[Start of Attachment]
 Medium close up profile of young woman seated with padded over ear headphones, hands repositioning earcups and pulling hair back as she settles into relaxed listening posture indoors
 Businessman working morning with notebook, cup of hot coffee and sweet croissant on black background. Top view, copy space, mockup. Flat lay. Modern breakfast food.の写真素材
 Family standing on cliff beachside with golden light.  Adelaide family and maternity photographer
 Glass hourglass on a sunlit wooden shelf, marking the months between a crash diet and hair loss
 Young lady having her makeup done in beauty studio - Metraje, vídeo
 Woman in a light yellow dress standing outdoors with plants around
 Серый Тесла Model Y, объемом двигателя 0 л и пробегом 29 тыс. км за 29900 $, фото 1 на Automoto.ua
[End of Attachment]
[Start of Attachment]
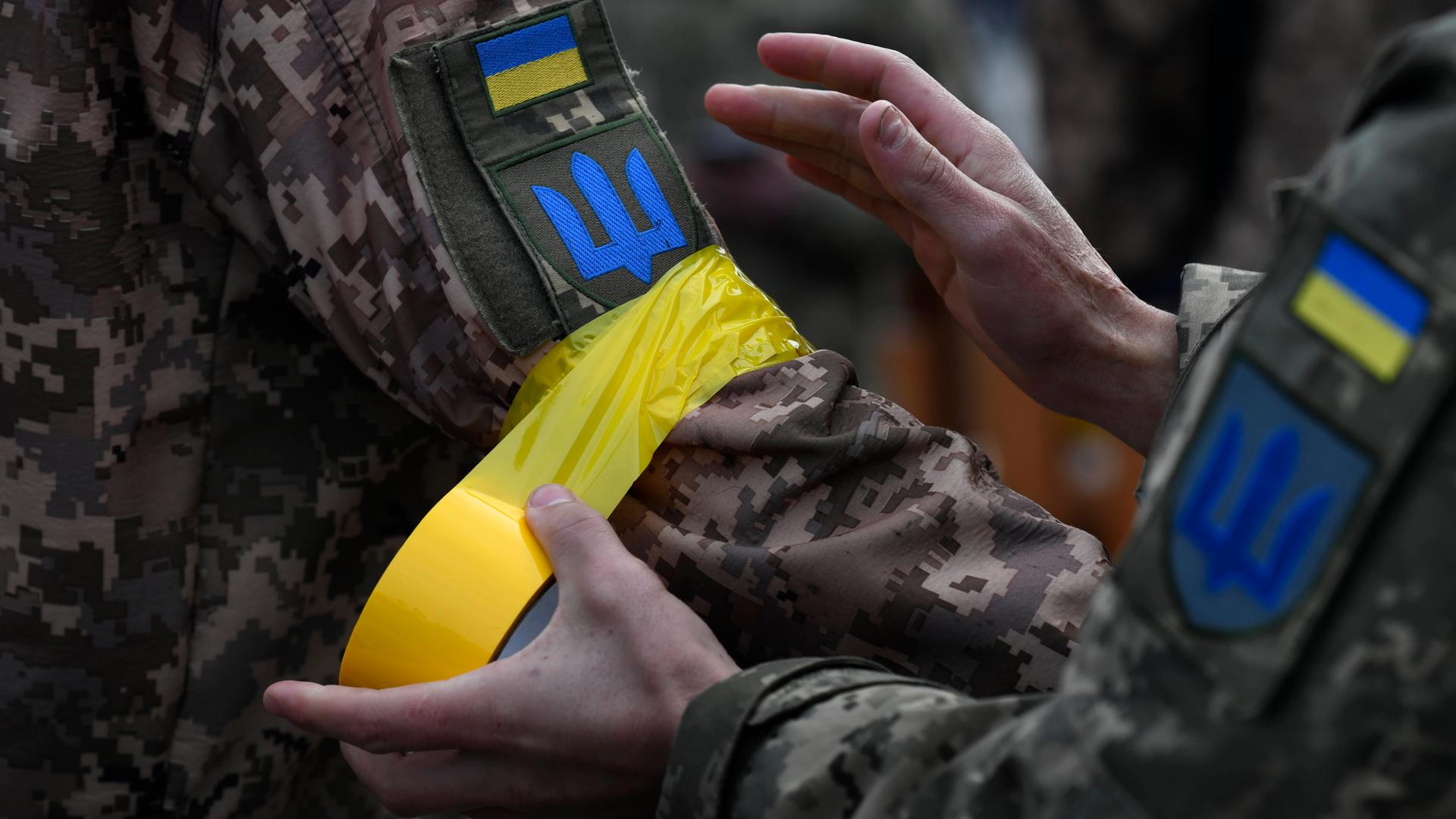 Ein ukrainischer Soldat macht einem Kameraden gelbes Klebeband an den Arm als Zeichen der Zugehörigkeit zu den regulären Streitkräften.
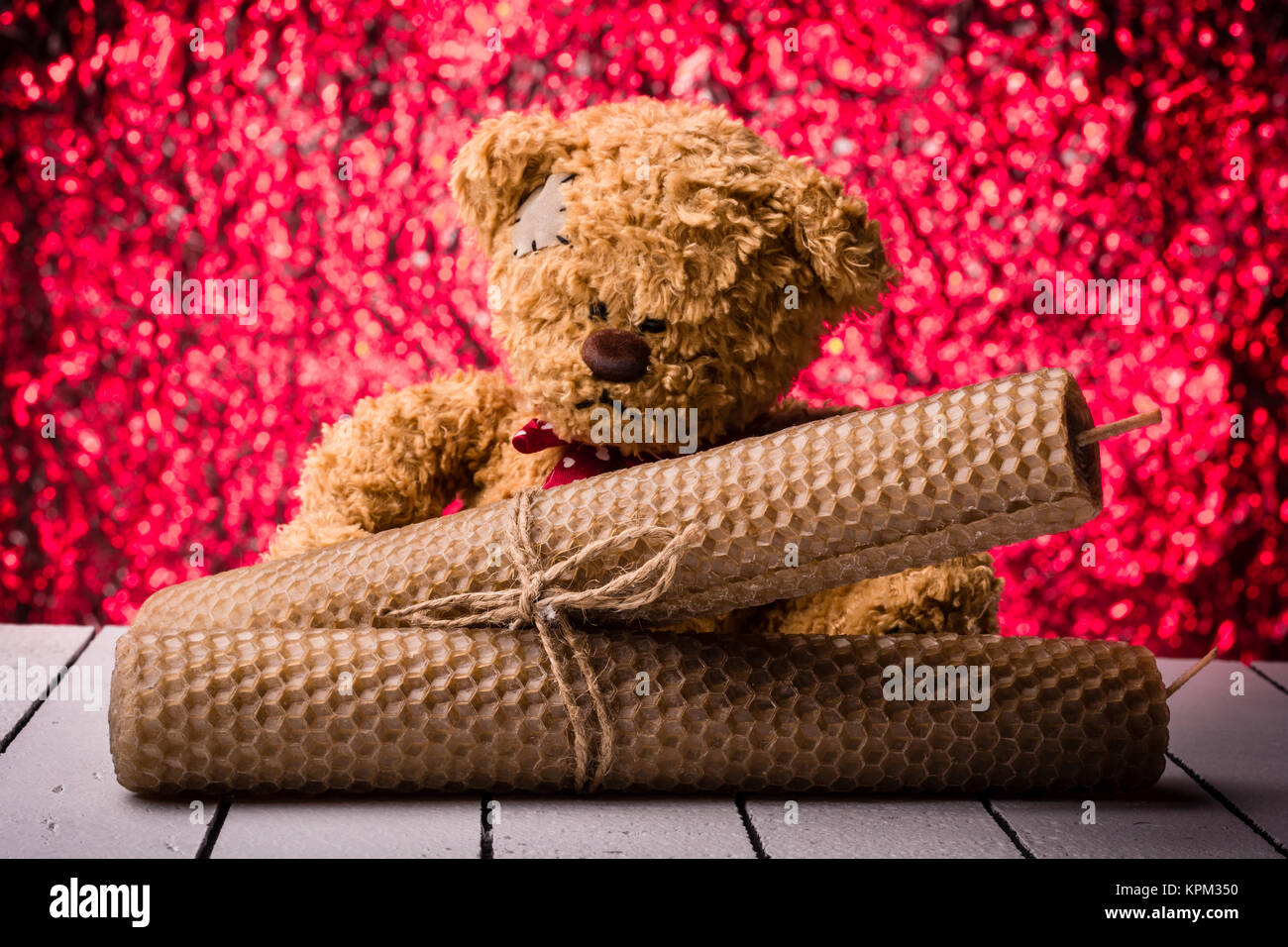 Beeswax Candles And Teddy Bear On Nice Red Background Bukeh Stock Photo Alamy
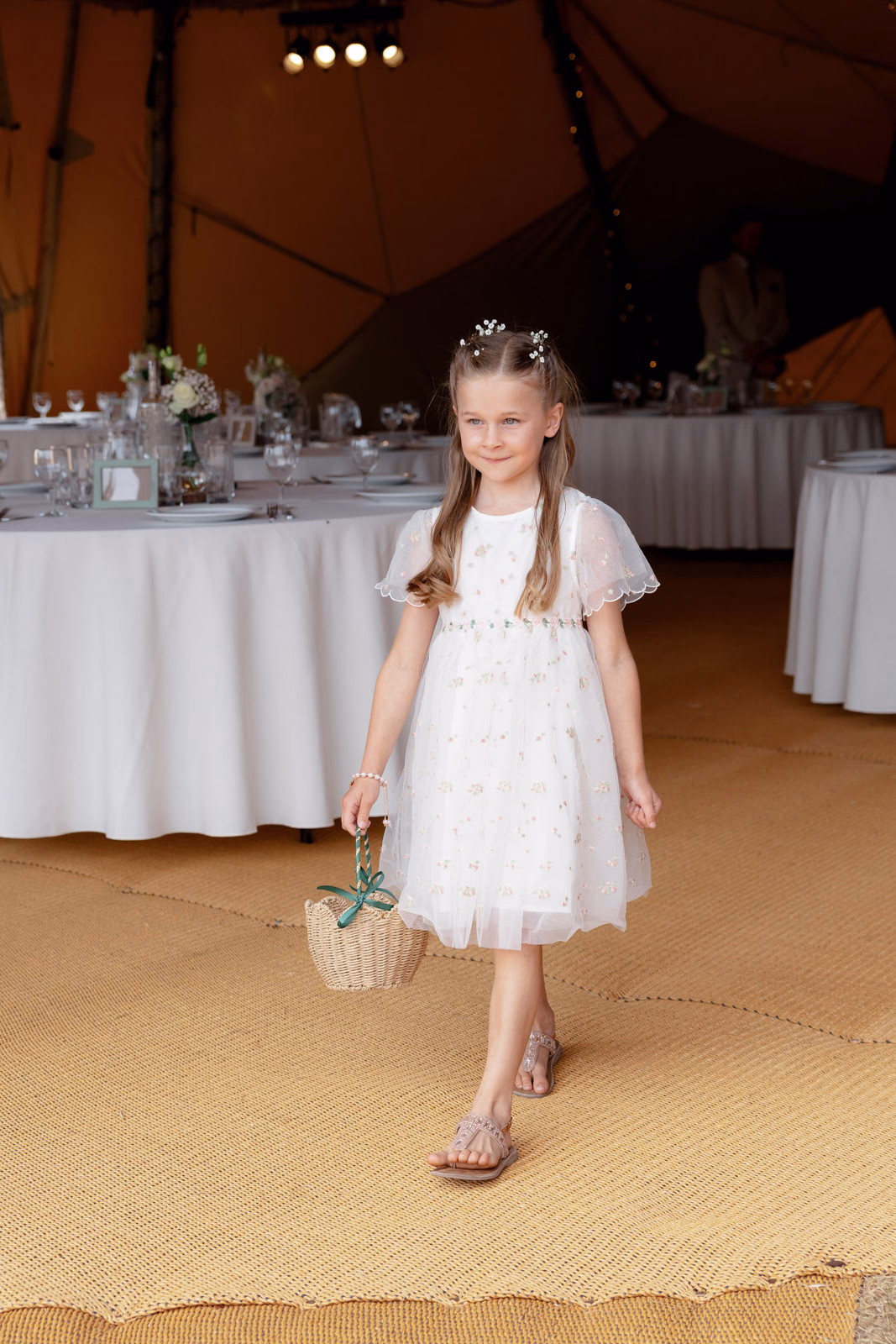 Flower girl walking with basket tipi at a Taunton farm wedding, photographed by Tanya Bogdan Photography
[End of Attachment]
◆ TO DO:
In the entries above, one line contains "Medium close up" and another contains "Серый Тесла Model". Reproduce exactly those two lines and the lines between them, nothing else.

◆ COMPLETED EXERCISE:
 Medium close up profile of young woman seated with padded over ear headphones, hands repositioning earcups and pulling hair back as she settles into relaxed listening posture indoors
 Businessman working morning with notebook, cup of hot coffee and sweet croissant on black background. Top view, copy space, mockup. Flat lay. Modern breakfast food.の写真素材
 Family standing on cliff beachside with golden light.  Adelaide family and maternity photographer
 Glass hourglass on a sunlit wooden shelf, marking the months between a crash diet and hair loss
 Young lady having her makeup done in beauty studio - Metraje, vídeo
 Woman in a light yellow dress standing outdoors with plants around
 Серый Тесла Model Y, объемом двигателя 0 л и пробегом 29 тыс. км за 29900 $, фото 1 на Automoto.ua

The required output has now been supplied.